図1―10―16 奉仕隊員と村民との交流

 このほか、多摩村では不足する労働力を補うために、新しいさまざまな試みがなされている。特に、農業生産の共同化が進められ、共同作業のほか農繁期託児所の設置と共同炊事が行われた。昭和八年(一九三三)に、三多摩でいち早く開設された多摩村の農繁期託児所は、昭和十五年には朝日新聞社の社会奉仕事業団から表彰され「慈愛旗」を贈られている(『多摩町誌』)。最も忙しい農繁期に、女子青年団員らが子どもたちを預かり、保母役をつとめることで、母親は子どもの面倒から離れ、農作業に専念することができた。評判のよかった農繁期託児所は、毎年村内に三か所ほど設置され、多摩村の決算を見るかぎり昭和十六年まで続けられたようである。
 一方、それまで南多摩郡農会で研究されていた共同炊事は、横山村(現・八王子市)で初めて取り組まれ、昭和十五年に共同炊事組合が結成された(『東京日日新聞』昭和十五年三月五日付)。多摩村でも早くからこの事業に関心を寄せ、横山村につづき昭和十六年から共同炊事を実施している。昭和十六年には、東京から来た栄養学校研究生の女性たちが手伝い、翌年春には、予定していた村外からの応援がなかったため、田植えの早く終わった地元の農民が炊事を行っている。しかし、いずれもうまくいかなかった(『読売報知』昭和十七年十一月一、三、五日付)。
 昭和十七年(一九四二)十月、二回の失敗を経験していた多摩村で、三度目の共同炊事が試みられる(『ふるさと多摩』七号)。九人の浅草区浅草第一女子青年団員が、大日本青少年団や帝国農会などが企画する女子青年農村勤労奉仕隊として、落合で共同炊事の勤労奉仕を行った。事前に三日間の予備訓練を受けた奉仕隊員は、十月二十日から三十一日までの前班四人、十一月一日から十日までの後班五人に分かれて多摩村に入る。この奉仕隊員の指導には小林福太郎があたり、朝昼晩あわせて一日平均二二五食の食事を四、五人の女子で用意した。勤労奉仕に参加した佐藤トミノは、のちに東京府青少年団の『勤労奉仕・軍役奉仕概況報告書』(多摩市行政資料)のなかで、次のような感想文を書いている。
 私達の参りました部落は大変水の不便な所で、水の出る場所に行くのには調理場より五百歩位離れて居ります。天気の良い時でも、両手に「バケツ」をさげて汲みに参りますのは骨の折れる仕事でした。
 村の小父さん方が見兼ねてリヤカーで運んでやらうと仰有つて下さいましたが私達は、折角お手伝に来て少しでもお役に立つ様にと思つて居りますのに、小父さん方のお手をわづらはしては何にもなりませんからとお断り致しました。すると、水の出て居る所から竹筒で地下を通して、クラブの調理場の「カメ」に何時もたまる様にして下さいました。……
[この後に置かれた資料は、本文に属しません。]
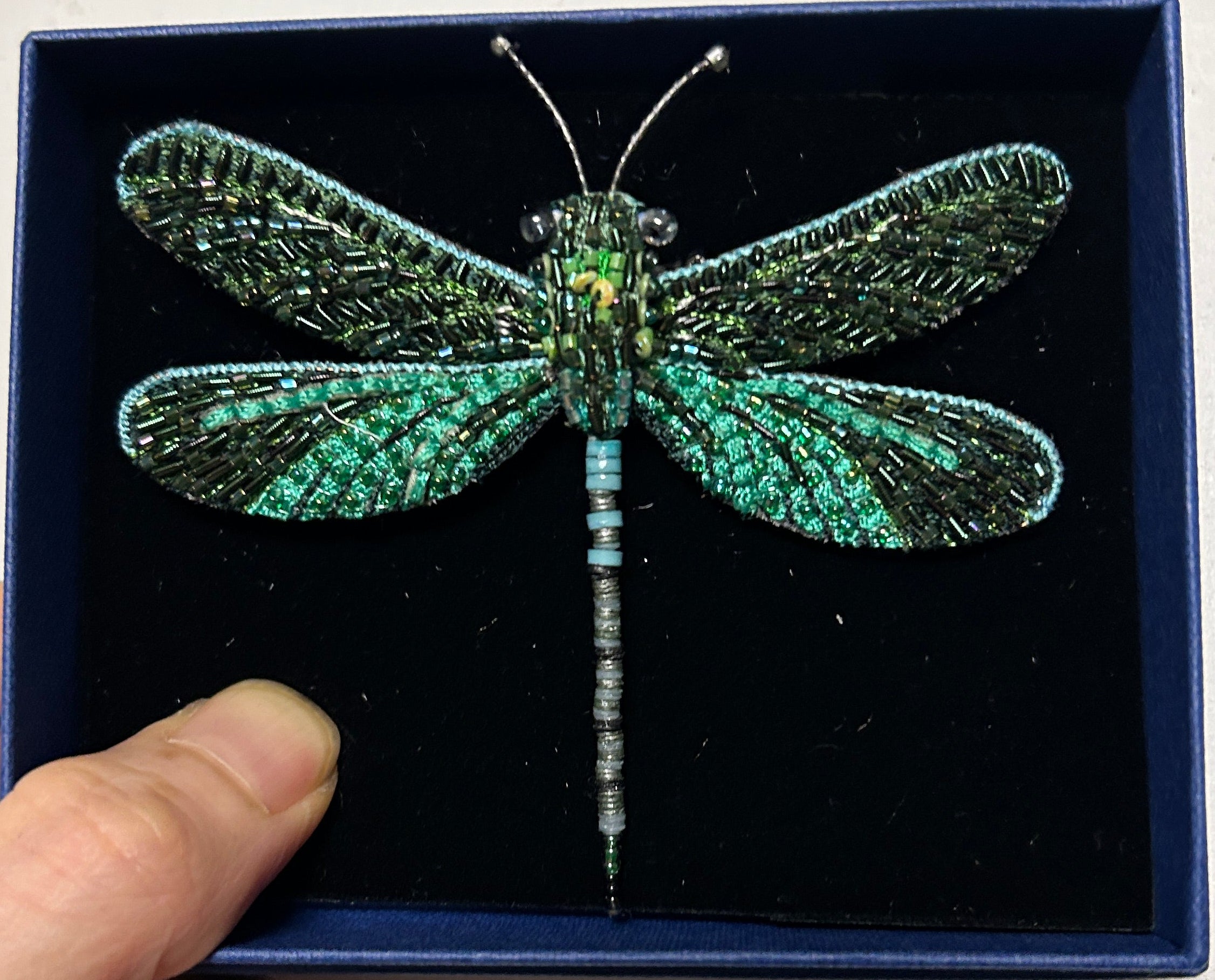 Pondhawk Dragonfly Embroidered Pin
 佐藤の文章には、足手まといになったのではという反省の言葉がならんでいる。しかし、経費をかなり抑えているにもかかわらず、味、分量ともに好評で、何よりも村びとになりきろうと努力する姿が村民の感心を引いていた。村の投書箱には、感謝の言葉ばかりで、悪く言う者は一人もいなかったという。昭和十七年十月二十九日、奉仕隊員を招いて落合青年倶楽部で開かれた共炊座談会では、多摩村側の出席者から彼女たちにお礼の言葉が伝えられた(『読売報知』昭和十七年十一月一、三、五日付)。このとき、杉田浦次助役は、今回の共同炊事について次のような感想を述べている。
杉田 労力の節減がこの仕事の眼目だが、それだけでは物質的金銭的に流れて面白くない。共炊は金が掛るといった不満の声は、そんな所から起き勝ちだ。今度痛感したのですが、栄養補給という眼に見えぬ効果、これが大きい。農家では忙しくなると昼食はお茶漬が通り相場、激労期にはこれでは堪らない。副産物として部落民の気持ちが一つになった。

 ここで杉田は、農作業にはげむ村民の栄養にも気をつかっていることがうかがえる。しかし、農繁期託児所にしても共同炊事にしても、農村女性の過重労働を多少減らすことはできても、根本的な解決にはなっていなかった。